## About this exercise
Set the records down once more so that they match the source word for word.

## Listed records
══════

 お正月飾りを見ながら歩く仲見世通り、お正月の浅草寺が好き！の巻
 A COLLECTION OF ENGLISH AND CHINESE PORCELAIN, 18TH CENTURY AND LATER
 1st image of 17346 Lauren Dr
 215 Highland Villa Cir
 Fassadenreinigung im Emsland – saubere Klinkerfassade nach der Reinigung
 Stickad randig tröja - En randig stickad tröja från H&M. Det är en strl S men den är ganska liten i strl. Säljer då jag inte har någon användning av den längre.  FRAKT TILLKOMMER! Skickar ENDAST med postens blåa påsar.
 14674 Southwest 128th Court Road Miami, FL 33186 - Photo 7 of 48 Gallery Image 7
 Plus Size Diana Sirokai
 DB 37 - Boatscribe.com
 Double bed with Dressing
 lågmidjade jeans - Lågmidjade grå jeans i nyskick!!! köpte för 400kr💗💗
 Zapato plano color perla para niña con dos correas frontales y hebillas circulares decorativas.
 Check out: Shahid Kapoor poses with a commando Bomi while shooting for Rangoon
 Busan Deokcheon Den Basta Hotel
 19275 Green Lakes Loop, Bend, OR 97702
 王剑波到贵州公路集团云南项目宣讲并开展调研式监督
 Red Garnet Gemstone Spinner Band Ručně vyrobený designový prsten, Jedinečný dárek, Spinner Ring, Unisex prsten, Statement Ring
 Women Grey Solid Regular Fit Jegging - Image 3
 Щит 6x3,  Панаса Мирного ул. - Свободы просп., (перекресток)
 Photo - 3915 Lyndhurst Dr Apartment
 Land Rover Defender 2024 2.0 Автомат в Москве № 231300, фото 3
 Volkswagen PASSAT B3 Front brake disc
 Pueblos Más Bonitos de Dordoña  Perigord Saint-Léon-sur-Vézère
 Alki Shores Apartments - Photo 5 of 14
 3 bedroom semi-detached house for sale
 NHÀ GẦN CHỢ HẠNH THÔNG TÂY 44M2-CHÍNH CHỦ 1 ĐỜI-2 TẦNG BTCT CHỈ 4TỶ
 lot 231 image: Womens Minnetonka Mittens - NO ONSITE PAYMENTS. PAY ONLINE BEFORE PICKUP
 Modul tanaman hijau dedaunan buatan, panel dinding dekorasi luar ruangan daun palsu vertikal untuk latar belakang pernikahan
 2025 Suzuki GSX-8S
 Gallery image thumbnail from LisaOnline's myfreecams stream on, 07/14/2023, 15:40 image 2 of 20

══════

## Written solution
 お正月飾りを見ながら歩く仲見世通り、お正月の浅草寺が好き！の巻
 A COLLECTION OF ENGLISH AND CHINESE PORCELAIN, 18TH CENTURY AND LATER
 1st image of 17346 Lauren Dr
 215 Highland Villa Cir
 Fassadenreinigung im Emsland – saubere Klinkerfassade nach der Reinigung
 Stickad randig tröja - En randig stickad tröja från H&M. Det är en strl S men den är ganska liten i strl. Säljer då jag inte har någon användning av den längre.  FRAKT TILLKOMMER! Skickar ENDAST med postens blåa påsar.
 14674 Southwest 128th Court Road Miami, FL 33186 - Photo 7 of 48 Gallery Image 7
 Plus Size Diana Sirokai
 DB 37 - Boatscribe.com
 Double bed with Dressing
 lågmidjade jeans - Lågmidjade grå jeans i nyskick!!! köpte för 400kr💗💗
 Zapato plano color perla para niña con dos correas frontales y hebillas circulares decorativas.
 Check out: Shahid Kapoor poses with a commando Bomi while shooting for Rangoon
 Busan Deokcheon Den Basta Hotel
 19275 Green Lakes Loop, Bend, OR 97702
 王剑波到贵州公路集团云南项目宣讲并开展调研式监督
 Red Garnet Gemstone Spinner Band Ručně vyrobený designový prsten, Jedinečný dárek, Spinner Ring, Unisex prsten, Statement Ring
 Women Grey Solid Regular Fit Jegging - Image 3
 Щит 6x3,  Панаса Мирного ул. - Свободы просп., (перекресток)
 Photo - 3915 Lyndhurst Dr Apartment
 Land Rover Defender 2024 2.0 Автомат в Москве № 231300, фото 3
 Volkswagen PASSAT B3 Front brake disc
 Pueblos Más Bonitos de Dordoña  Perigord Saint-Léon-sur-Vézère
 Alki Shores Apartments - Photo 5 of 14
 3 bedroom semi-detached house for sale
 NHÀ GẦN CHỢ HẠNH THÔNG TÂY 44M2-CHÍNH CHỦ 1 ĐỜI-2 TẦNG BTCT CHỈ 4TỶ
 lot 231 image: Womens Minnetonka Mittens - NO ONSITE PAYMENTS. PAY ONLINE BEFORE PICKUP
 Modul tanaman hijau dedaunan buatan, panel dinding dekorasi luar ruangan daun palsu vertikal untuk latar belakang pernikahan
 2025 Suzuki GSX-8S
 Gallery image thumbnail from LisaOnline's myfreecams stream on, 07/14/2023, 15:40 image 2 of 20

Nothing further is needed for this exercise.